Any modeling problem for a specified data set and prediction task involves a sequence of data cleansing and preprocessing, algorithm selection, and model tuning tasks. Each of these steps require data science expertise to help guide the process to an efficient final model. Automated Machine Learning (AutoML) automates this process with its built-in data science expertise.

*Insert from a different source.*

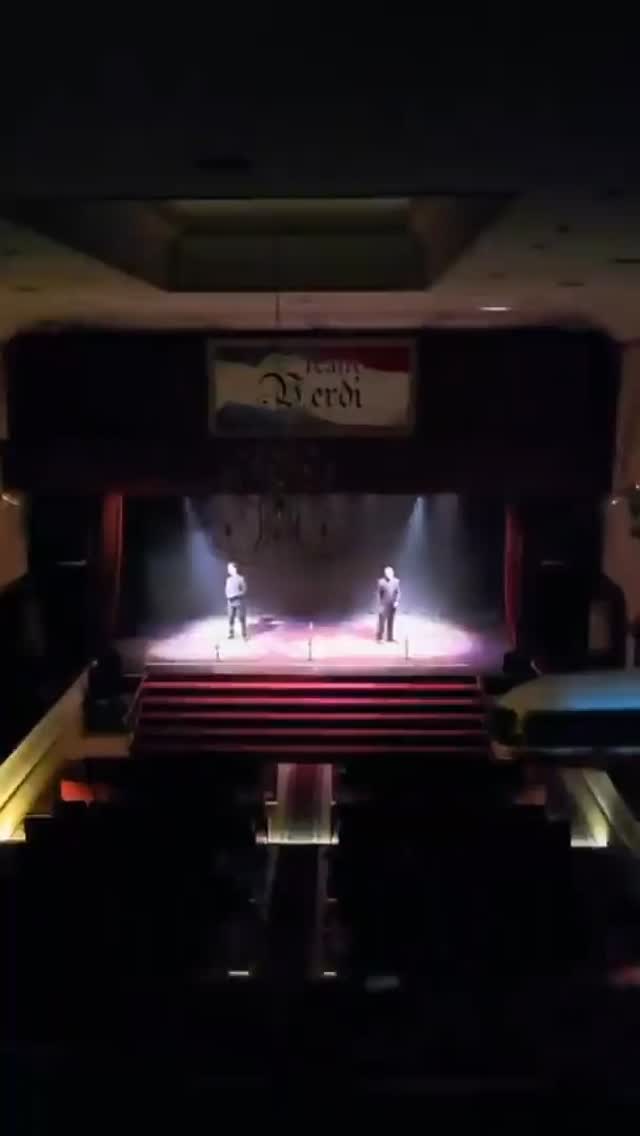 Ópera Libre actuando en el escenario de un teatro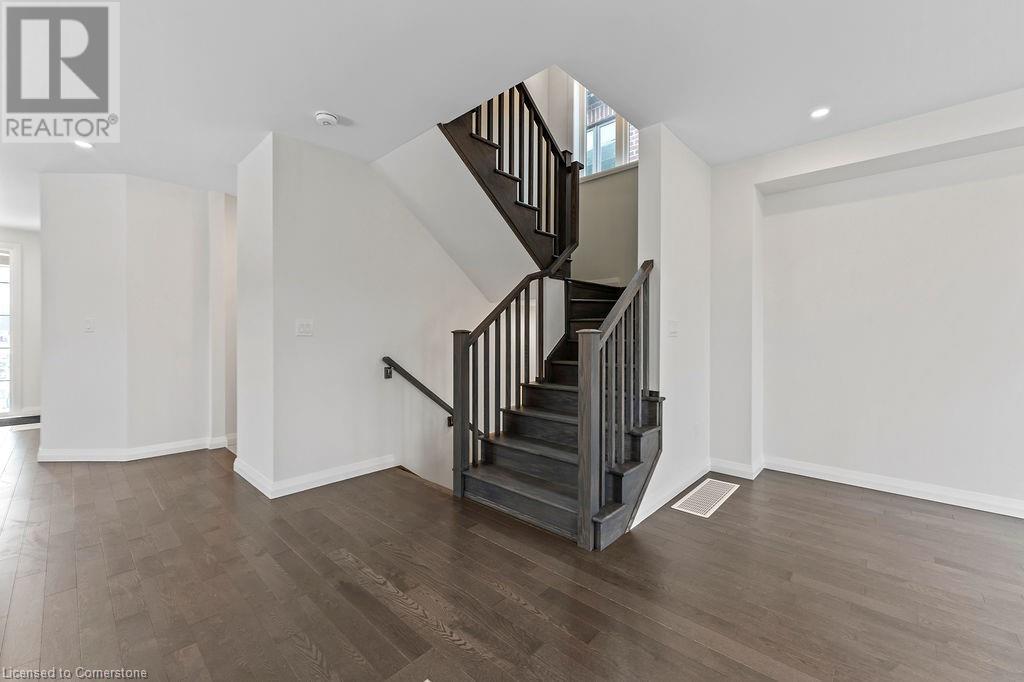 207 Alessio Drive, Hamilton, Ontario  L9B 0K4 - Photo 10 - 40686657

OML4Py has the following AutoML capabilities:

  • Automated algorithm selection that selects the appropriate algorithm from the supported machine learning algorithms
  • Automated feature selection that reduces the size of the original feature set to speed up model training and tuning, while possibly also increasing model quality
  • Automated tuning of model hyperparameters, which selects the model with the highest score metric from among several metrics as selected by the user

AutoML performs those common modeling tasks automatically, with less effort and potentially better results. It also leverages in-database algorithm parallel processing and scalability to minimize runtime and produce high-quality results.

Note:

As the fit method of the machine learning classes does, the AutoML functions reduce, select, and tune provide a case_id parameter that you can use to achieve repeatable data sampling and data shuffling during model building.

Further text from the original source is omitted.